■ Data below:

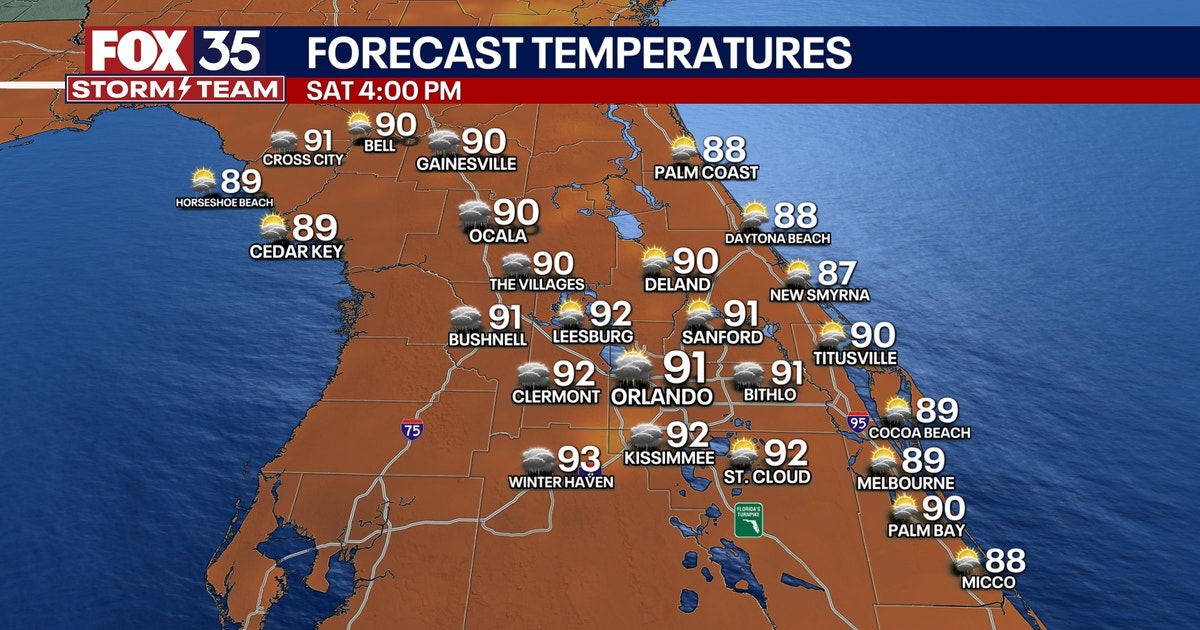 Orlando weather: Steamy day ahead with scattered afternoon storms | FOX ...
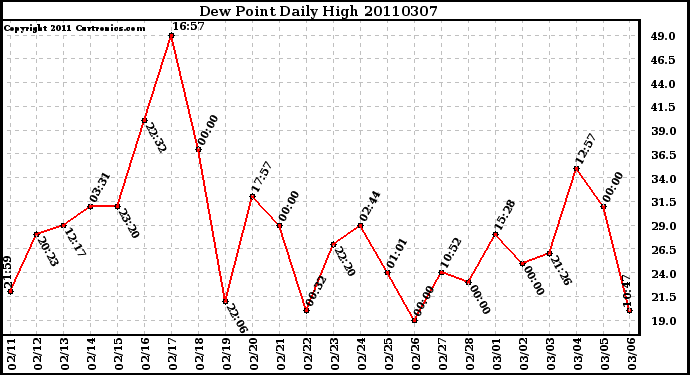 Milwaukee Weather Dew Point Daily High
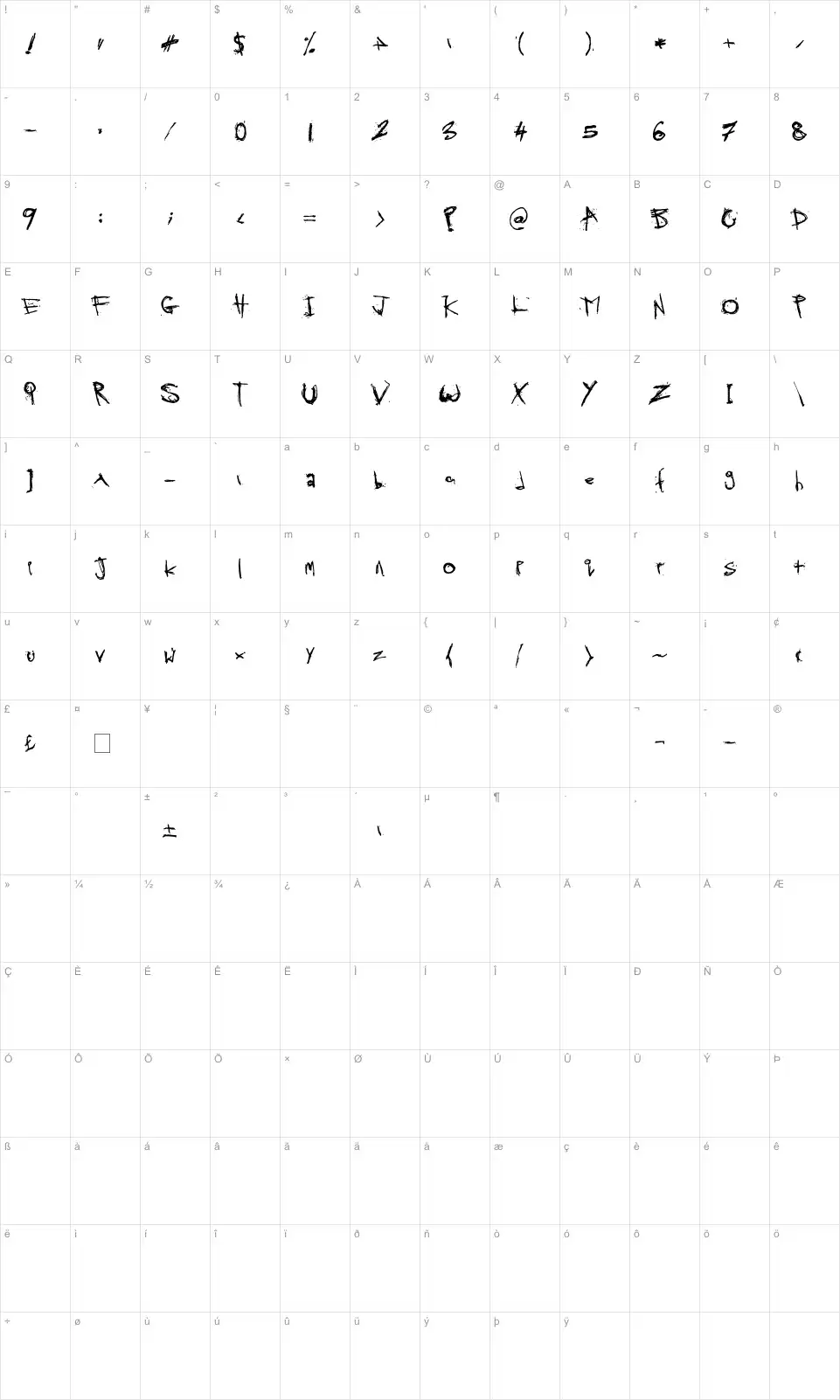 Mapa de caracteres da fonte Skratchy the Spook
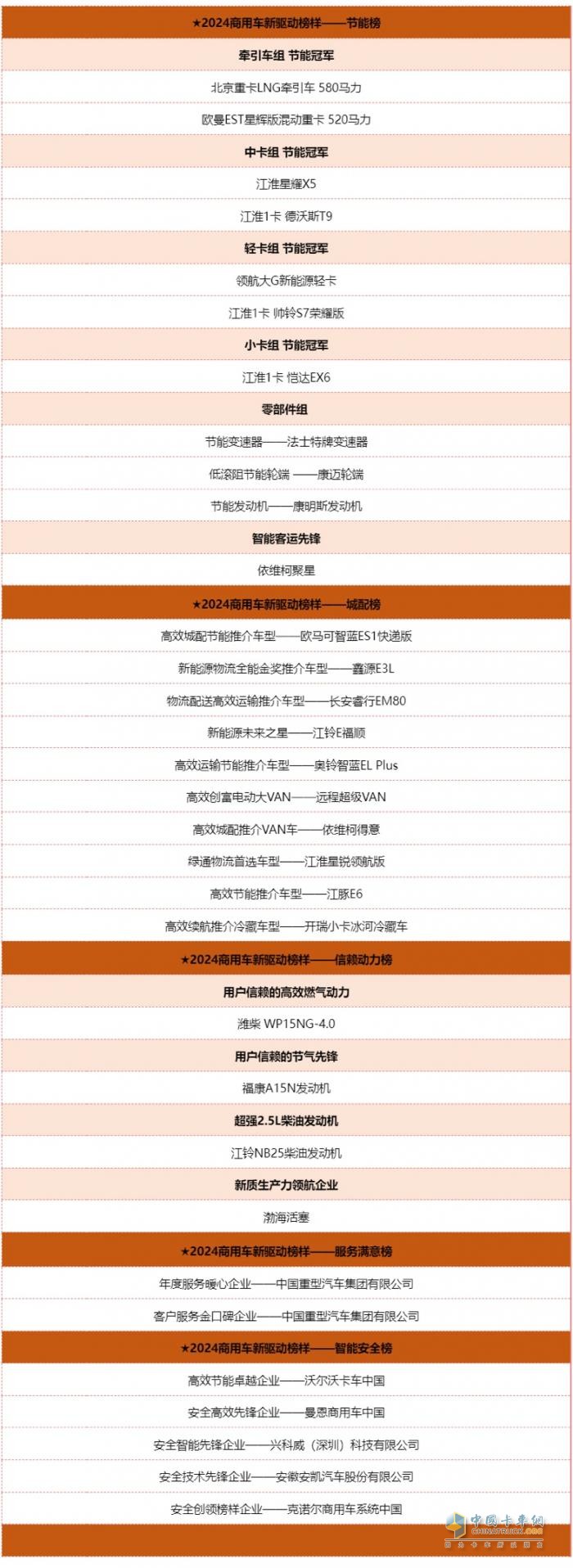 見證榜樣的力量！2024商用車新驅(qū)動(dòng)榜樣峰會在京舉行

■ What to work on: Would you output the full listing exactly as it stands, minus the images?

■ Result of this exercise:
 Orlando weather: Steamy day ahead with scattered afternoon storms | FOX ...
 Milwaukee Weather Dew Point Daily High
 Mapa de caracteres da fonte Skratchy the Spook
 見證榜樣的力量！2024商用車新驅(qū)動(dòng)榜樣峰會在京舉行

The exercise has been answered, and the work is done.